Today, Victorville’s unemployment and poverty rates stand at 14 and 21 percent, respectively, both 6 points higher than the national figures. Housing demand there has shrunk as new buyers have disappeared – prices have plummeted from an average of about $300,000 in 2007 to $109,000 today.And new home permits went from almost 8000 from 2004−2006 to about 750 in 2008−2010, according to a 2010 report by Karlenzig.
Similar stories are playing out in fringe suburbs elsewhere. In Georgia’s Barrow County, 50 miles northwest of Atlanta, tax revenues declined more than 18 percent between 2008 and 2011, and county officials expect a 16 percent drop in the coming year alone. That’s led school officials there to propose cutting the school year by 20 days next year.

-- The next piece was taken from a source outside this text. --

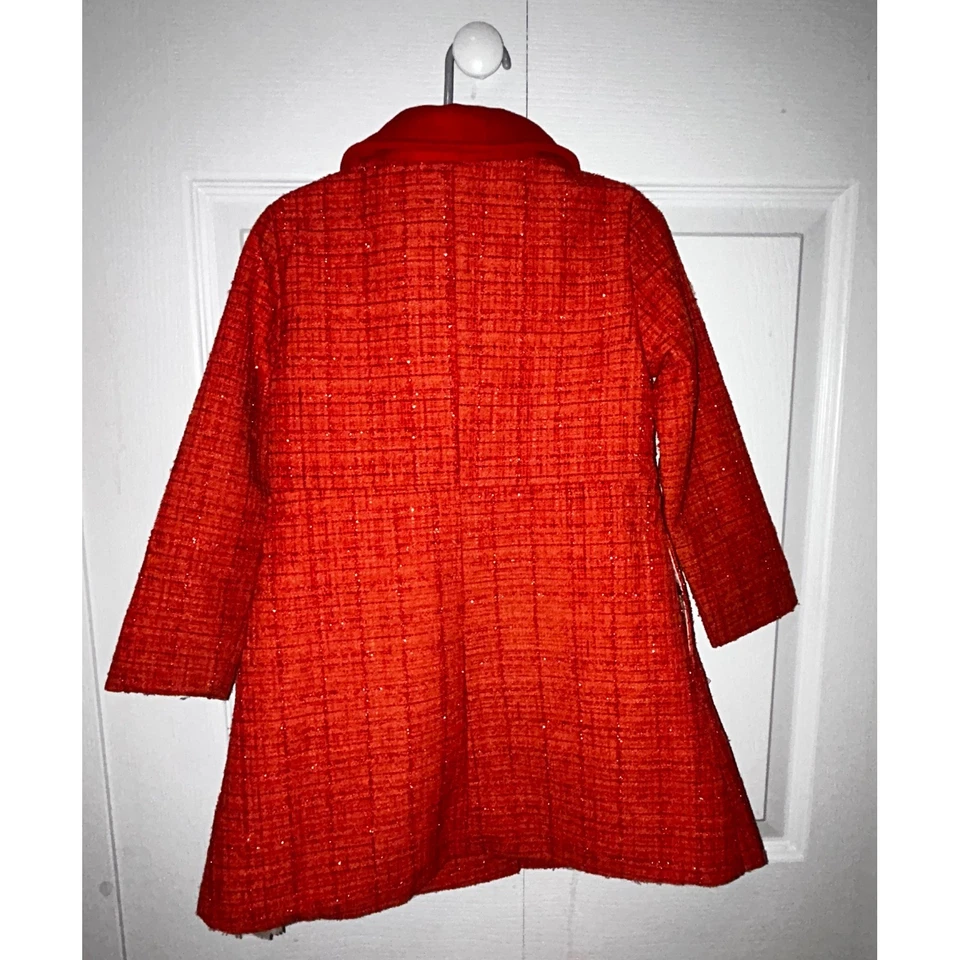 Disney Store DE COLECCIÓN Abrigo Niña Minnie Mouse Cuadros Naranja Talla 4 MUY RARO Foto 2 de 4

In neighboring Jackson County, the number of building permits issued went from 684 in 2006 to just 34 in 2010 and the largest city of Braselton is almost out of money, a quarter of its tax revenues eaten up by debt financing. Part of the area’s problem, according to University of Georgia economist Jeffrey Dorfman, is that Atlanta commuters now can afford to buy closer to the city, so they’re moving.
In the Chicago area, handfuls of houses in some subdivisions of Yorkville, 50 miles southwest of Chicago, sit alone among acres of lots that were cleared for new homes a few years ago at least 10 of Yorkville’s subdivisions are unfinished. Prior to the crash, 3 to 5 percent of the town’s students qualified for subsidized lunches; now that figure is in the double digits, according to the town’s school superintendent. Thirty-five miles north, in the exurb of Hampshire, a brand-new high school built to handle an expected influx of students during the boom years now has 15 shuttered classrooms, and the town is struggling to pay off the resulting debt.
Nationally, the unemployment rate in exurbs rose by 126 percent during the recession, versus 113 percent in urban areas. House prices in the suburban fringes have not come back like those in the city cores, according to a recent Wall Street Journal-Zillow analysis. And while no one has tracked poverty rates in the exurbs themselves, poverty is rising faster in the suburbs as a whole than in cities: The number of suburban households in poverty grew 53 percent between 2000 and 2010, compared with 23 percent in urban areas, according to Brookings.
No one seems willing to bet that exurbs will grow anytime soon. In its 2012 report on real estate trends, the Urban Land Institute notes that real estate investors have no interest in suburban office parks and commercial real estate in farther-out suburbs because they see little chance of economic recovery or higher rents there.
But even as life on the edges gets harder, people who might like to leave for houses closer in are stuck because they can’t sell their homes, says Frey, who recently analyzed new mobility data from the Census Bureau. The twenty- and early thirty-somethings are putting off getting married, having children, and buying homes because they’re not getting well-paying jobs and can’t get mortgages because of tight credit standards, he says. Worse, for the first time since at least the 1930s, a succeeding generation of buyers – Gen X – is smaller than the one that went before it – baby boomers, according to McIlwain. “Even if there were no housing recession, you would still have a drop in demand from those move-up [buyers],” he says.
As long as middle-class incomes stay stagnant, there’s no clear road back to prosperity for exurbs like Victorville, he says. So for now, exurbia may be the new inner city, a place where people who are struggling economically congregate until they can put together enough money to leave for decent paying jobs elsewhere.
"There are a lot of people who say that we’re going to see more of the new ghettos out there [in the exurbs] than anywhere else,” says McIlwain. “I can see the logic of that.”